Update: Trump Employee 5 in the superseding indictment must also have given testimony, which may also be fairly recent. Given that he’s the kind of person who’d be consulted about loyalty, he presumably also was part of the in-house lawyering team.
Update: NYT has their own version of this preemptive limited hangout of Trump’s financial shell game. It mentions the potential legal problem with using funds raised for election security to pay lawyers, but steers clear of the ongoing investigation into it.
The PAC was the entity in which Mr. Trump had parked the more than $100 million raised when he sought small-dollar donations after losing the 2020 election. Mr. Trump claimed he needed the support to fight widespread fraud in the race. Officials, including some with his campaign, turned up no evidence of widespread fraud.

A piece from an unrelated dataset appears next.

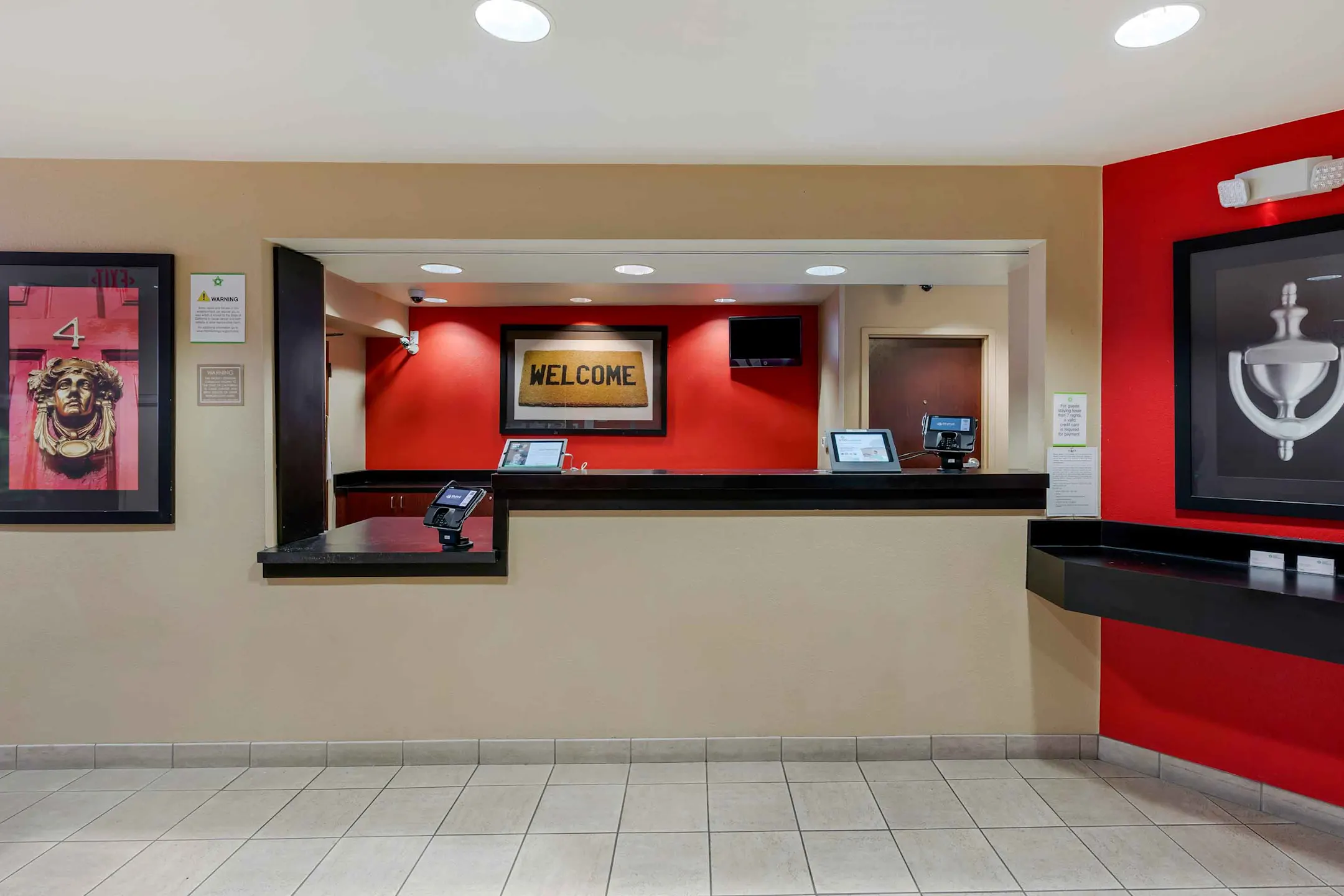 Furnished Studio Sacramento Elk Grove 2201 Long Port Court Elk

Mr. Trump used some of that $100 million for other politicians and political activities in 2022, but he also used it to pay more than $16 million in legal fees, most of them related to investigations into him, and at least $10 million of which was for his own personal fees.

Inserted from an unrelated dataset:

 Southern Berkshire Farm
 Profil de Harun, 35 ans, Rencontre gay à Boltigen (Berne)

Save America began 2023 with just $18 million in cash on hand, which is less than half of what was spent on legal bills this year.
Campaign finance experts are divided on whether Mr. Trump is even able to continue to use the PAC to pay for his personal legal bills, as he became a candidate last November.
Update: CNN has confirmed the timeline: Taveras got a target letter after the first indictment, then ditched Woodward, then testified.
Yuscil Taveras, a Mar-a-Lago employee who oversees the property’s surveillance cameras, received a target letter from federal prosecutors after former President Donald Trump was first indicted in June on charges related to his alleged mishandling of classified documents after leaving office, sources told CNN.
After receiving the target letter, Taveras changed lawyers because his attorney, Stan Woodward, also represented Nauta, which presented a conflict, sources said.
Update: Added two more Woodward clients.
Update: Added another Woodward client.